***** RECORDS PROVIDED *****

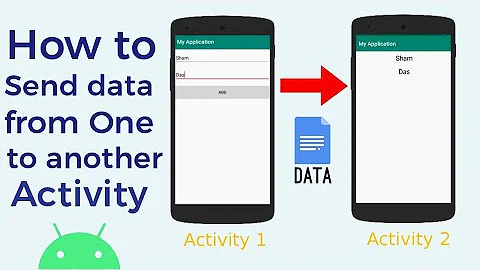 How to Pass data from One to another Activity || Android studio tutorial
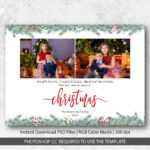 Christmas Card Template For Photographers Intended For Christmas Photo Card Templates Photoshop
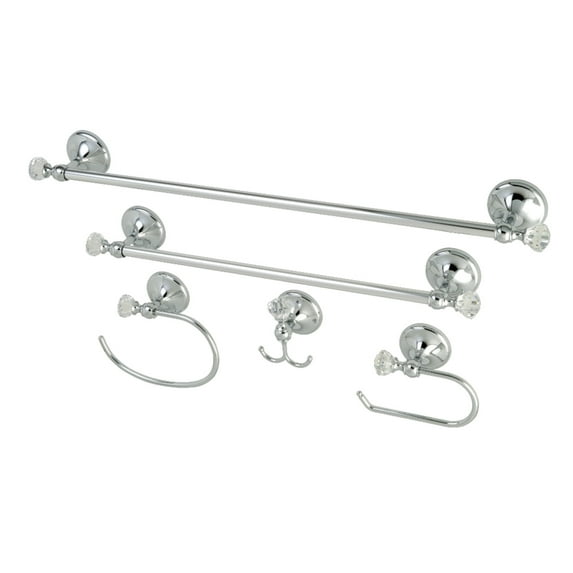 Kingston Brass 5-Piece Bathroom Accessory Combo Set - Chrome Finish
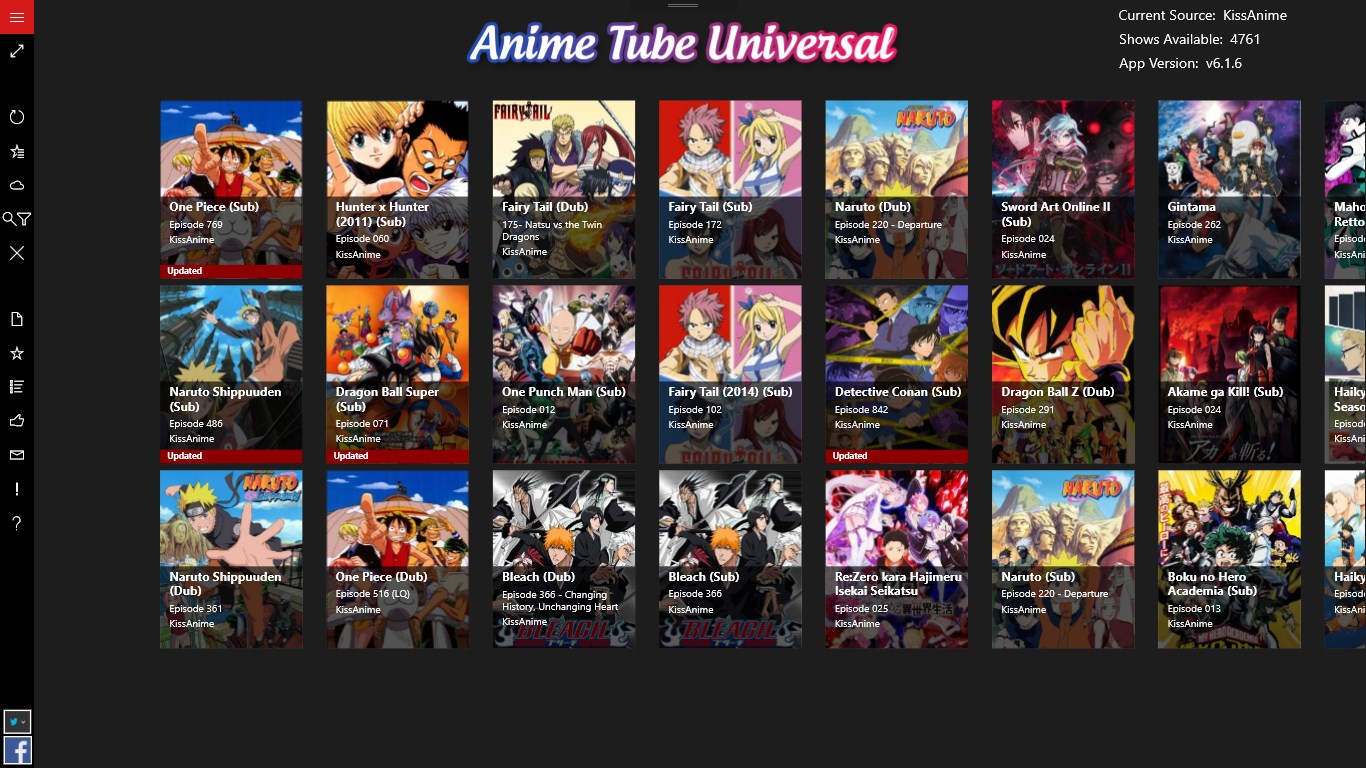 Anime Tube Universal for Windows 10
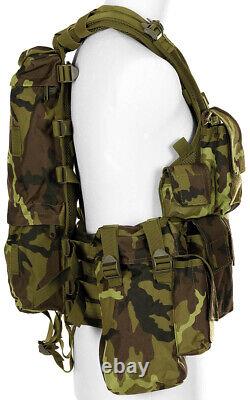 Tactical Vest Military Army Combat Lightweight Various Pockets M 95 CZ Camo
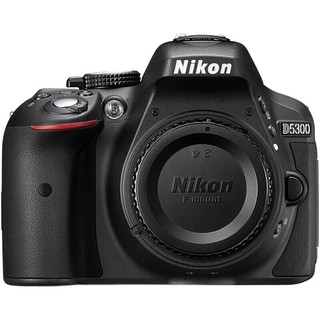 Nikon 尼康 D5300 APS-C画幅 数码单反相机 黑色 单机身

*****

EXERCISE PROMPT:
Beginning with the line that contains "Kingston Brass 5-Piece" and ending with the last line of the entries above, repeat each line exactly, but not the pictures.

ANSWER FOR THE TASK:
 Kingston Brass 5-Piece Bathroom Accessory Combo Set - Chrome Finish
 Anime Tube Universal for Windows 10
 Tactical Vest Military Army Combat Lightweight Various Pockets M 95 CZ Camo
 Nikon 尼康 D5300 APS-C画幅 数码单反相机 黑色 单机身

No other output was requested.